## Instructions for the task
From the records below, please print only the lines from the one containing "Countryside Train Station Living Room Demo" through the one containing "Indicode Herren Leinenhose - IDIves in blau", both included. Skip the pictures.

## Extracted information
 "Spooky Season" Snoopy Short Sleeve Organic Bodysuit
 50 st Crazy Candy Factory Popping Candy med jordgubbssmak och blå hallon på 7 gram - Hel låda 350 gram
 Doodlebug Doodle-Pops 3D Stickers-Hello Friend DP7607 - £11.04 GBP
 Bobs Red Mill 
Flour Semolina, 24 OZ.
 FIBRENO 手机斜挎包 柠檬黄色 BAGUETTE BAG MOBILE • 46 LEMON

* * *

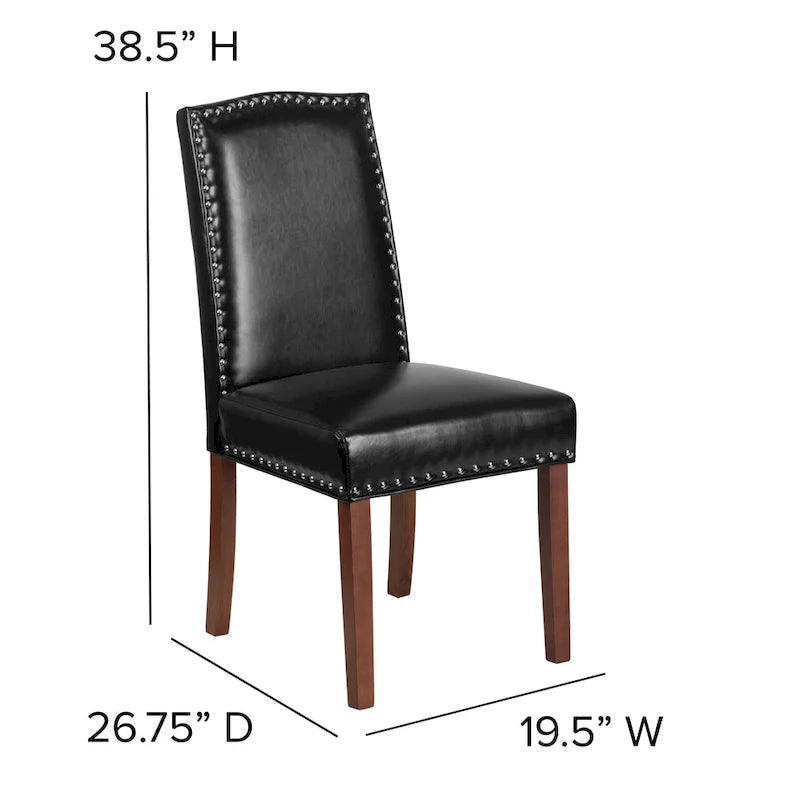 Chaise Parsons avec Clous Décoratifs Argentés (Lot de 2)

...

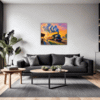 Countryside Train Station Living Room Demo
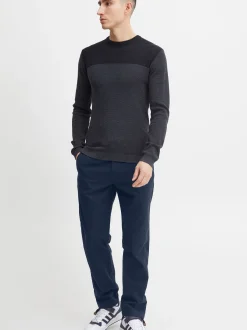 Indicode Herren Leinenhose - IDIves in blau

## Output of the exercise
 Countryside Train Station Living Room Demo
 Indicode Herren Leinenhose - IDIves in blau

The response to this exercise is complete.